The product liquid carbon dioxide through distillation purification in the distillation purification tower 101 tower kettle of distillation purification process 100 is sent to the second evaporative condenser 111 of subcooling process 110, and the cold source of the second evaporative condenser 111 of supercooling process 110 is For liquid ammonia, in the second evaporative condenser 111, the temperature of the product liquid carbon dioxide is further reduced, and the product liquid carbon dioxide whose temperature is further lowered is sent to the product liquid carbon dioxide storage tank 112 for storage through a program-controlled valve.

The production method of food-grade liquid carbon dioxide product shown in Fig. 3 has following shortcoming:

In the production method of the food-grade liquid carbon dioxide product shown in Figure 3, (2) in the purification process 80 (3) the step of heating and desorbing impurities makes the impurities adsorbed by the adsorbent be heated and desorbed by the heated air flow used for desorption and (2) the purification process 80 In the ④ step of cooling the adsorbent, the cooling gas used for cooling the adsorbent comes from the shell side of the heat exchanger 1012 on the upper part of the distillation purification tower 101 in the distillation purification process 100, and then the pressure is reduced to The 0.05MPa gas mixture and the flash gas discharged from the spherical tank 112 are combined to form a confluent airflow. The confluent airflow is vented after ③ heating and desorbing impurities step and ④ cooling adsorbent step. However, the vented gas It contains a large amount of carbon dioxide, which not only causes a huge waste of raw material gas, but also emits a large amount of greenhouse gases into the atmosphere.

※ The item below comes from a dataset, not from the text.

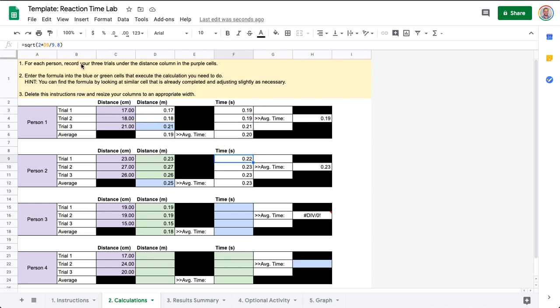So we can take a look at those formulas up here in the formula bar and we can try and replicate that here. We see it's equal square root of 2 times whatever is in this cell divided by 9.8, as in 9.8 meters per second squared.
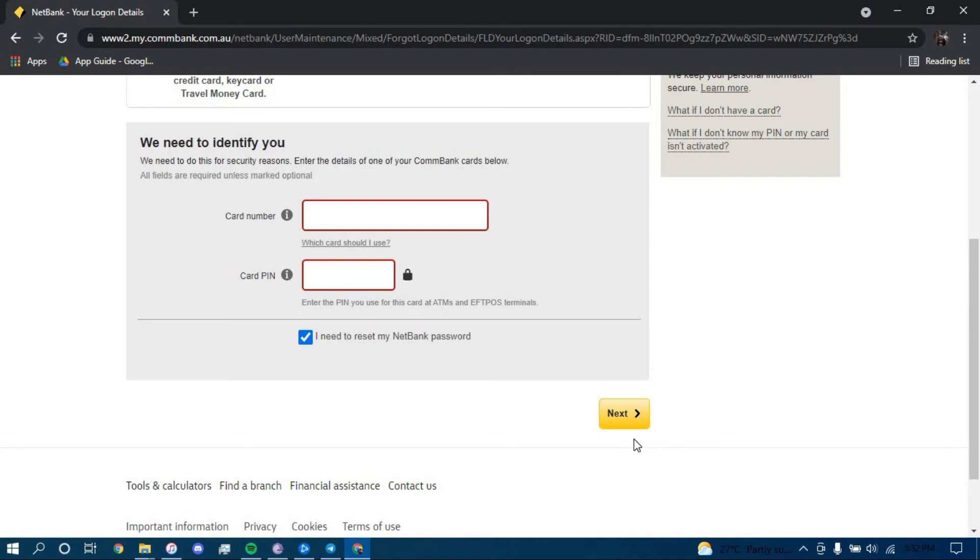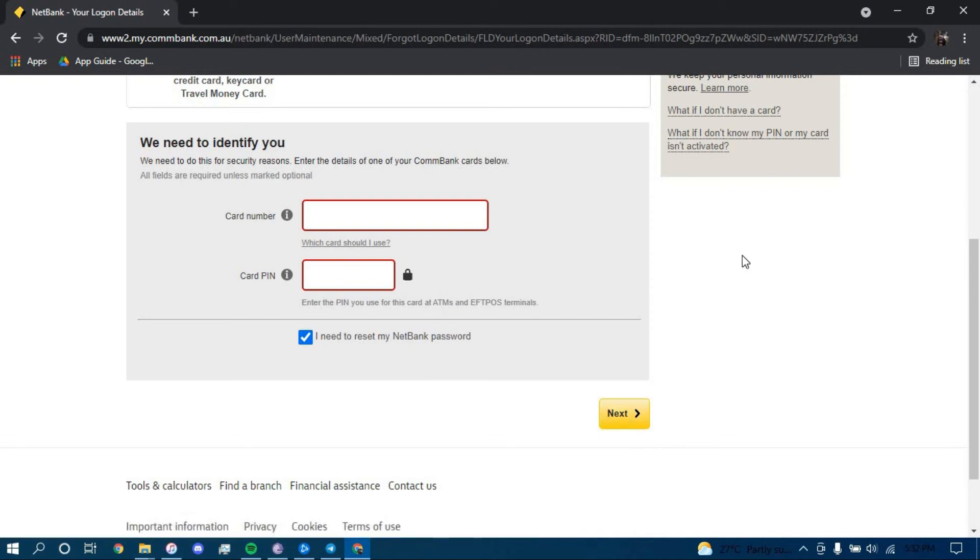Once you've done all that, click on next and you should be directed to another page where they'll further guide you on how you can reset your password for your online banking account for NetBank.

In addition, in the production method of the food-grade liquid carbon dioxide product shown in Figure 3, the purification process 80 is carried out after the three-stage compression of the compression process 30, and the outlet pressure of the three-stage compressor 33 is as high as 2.3-2.8MPa, which makes the purification The equipment, instruments, pipelines and adsorbents in process 80 all work under relatively high pressure. The high pressure resistance level proposed for these equipment, instruments, pipelines and adsorbents increases the cost input and reduces the service life , increasing security risks.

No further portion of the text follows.